The composite index of monitoring indicators rose to 15 in May from 14 the previous month, according to data compiled by the Cabinet-level Council for Economic Planning and Development.
The index has a scale of between nine and 45, with the lowest range -- nine to 16 -- represented by a blue light.
May flashed a blue light for the seventh consecutive month, the longest blue-light period since the global financial crisis of late 2008 and 2009 battered Taiwan and the third-longest since the council launched the system in 1977.
The council uses a five-color system to describe the state of the economy, with red, yellow-red, green, yellow-blue and blue representing overheated, warm, stable, cool and sluggish, respectively.

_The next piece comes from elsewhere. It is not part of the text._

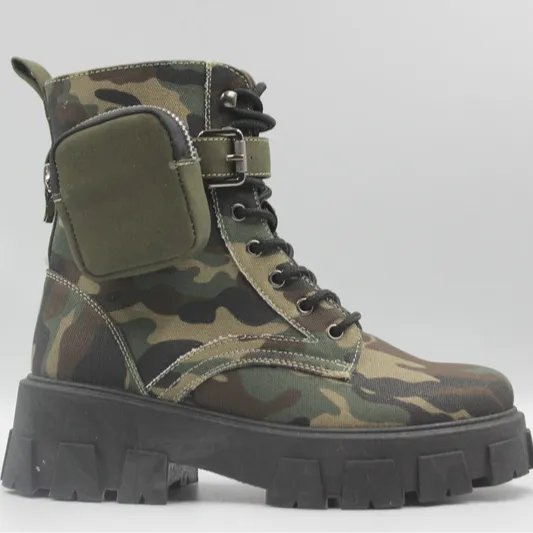 Custom Logo Dropshipping Black Leather Ankle Boots with Pocket for Women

Hung Jui-bin, director-general of the council's Department of Economic Research, attributed the one-point gain of the index to the rising sales index of wholesale, retail and food services.
"The retail sector was the main driver of the sales index," he told a press briefing, adding that retail sales of motor vehicles and related parts and accessories rose substantially in May from the year-earlier period.
The other eight sub-indices remained unchanged, he added.
The trend-adjusted index of coincident indicators, which reflect economic activity in the period measured, rose 0.6 percent to 97.9 in May, while the index of leading indicators, which gauge economic performance in three to six months, rose 0.5 percent from April to 131.4.
Hung noted that the annualized six-month rate of change of the composite leading index, which rose 0.3 percentage points to 6.2 percent in May, indicates an improving economy.
Of the seven components that make up the trend-adjusted index, the book-to-bill ratio of the semiconductor industry, the average monthly overtime in the industrial and service sectors, as well as the stock price index, were the only three with positive cyclical movements compared with the previous month.
Hung continued that despite concern over the European debt crisis and slower economic growth in China, Taiwan's economic performance should improve as the manufacturing sector picks up strength.
Citing a forecast by market research firm Global Insight for worldwide economic growth, Hung said Taiwan is expected to exhibit better performance in 2012 than Hong Kong, Singapore and South Korea.
He cautioned, however, that the recovery will not be strong.
"Boosting domestic consumption and investment should be the priorities, as the outlook for the global economy overall is still gloomy," Hung said.
Weak global economic fundamentals led the government to lower its 2012 economic growth forecast for Taiwan from 3.38 percent to 3.03 percent in May, while some local economic think tanks and foreign banks cut their growth predictions for June to below 3 percent.